If you have the time, try taking some practice shots at the venue itself, before the gig - That will help you 1} get a feel for the camera and the controls, and 2} find the best places to be, for good shots (while allowing for folks heads bobbing around while dancing :grin

Don't forget spare memory card(s) and spare charged battery (if possible).


----------



## SABL (Jul 4, 2008)

I wish I had a DSLR....:sigh: Do as WereBo suggests and try to match the conditions (lighting and motion) to prevent disappointment with the results.


----------



## yustr (Sep 27, 2004)

Light levels might be low so you'll have to compensate:

Use a secure grip: left hand under the lens, camera base resting on the heal of your palm, lens between thumb and index finger, right hand on grip with only gentle pressure to trigger shutter.
Make sure you know how to raise the ISO setting. 
Get a mono-pod as tri-pods are usually not allowed indoors.
Sit on the floor at the front - it will be more stable than standing and allow you to use the wideangle end of the zoom range (which is the F3.5 aperture).
Set the white balance to the kind of light in the room. 

Go to rehersal or have a friend stand on the stage well before hand to make your test shots.

Have fun.


----------



## Done_Fishin (Oct 10, 2006)

when taking photo's in low light, take a deep breath and hold it until you have taken the shot. It will help to keep the camera steady with slow shots.


----------



## TheAtheist (May 20, 2006)

Cheers guys for all the tips

@Yustr - i think i'm going to take your advice and invest in a monopod, even though there are many places in which i can rest my camera to get a steady shot, they aren't always practical. They seem pretty cheap(around £20-30) so no big loss if i don't end up using it much as it'll find use for it later on...

@WereBo - i'm hoping to be able to sit in on the technical rehearsal/runthrough with the sound checks etc just to get a rough idea of settings.
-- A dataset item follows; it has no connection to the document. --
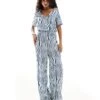 Monki Shirt Sleeve Jumpsuit With Wrap Front In Wave Print For Women Multi -Monki Shop 206212534 1 multi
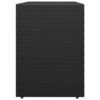 Outdoor Storage Cabinet, Solid Acacia Wood, 39 Inch Black PE Rattan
I just need to speak to the guy organising it, but seeing as hes a mate i can't see a problem!!


----------



## WereBo (Apr 5, 2008)

That will be an ideal time to get the 'posed' shots etc., leaving you more time for the instant snaps during the gig :grin:


----------



## Done_Fishin (Oct 10, 2006)

Nice thought that .. combine common sense & practicality for those special images


----------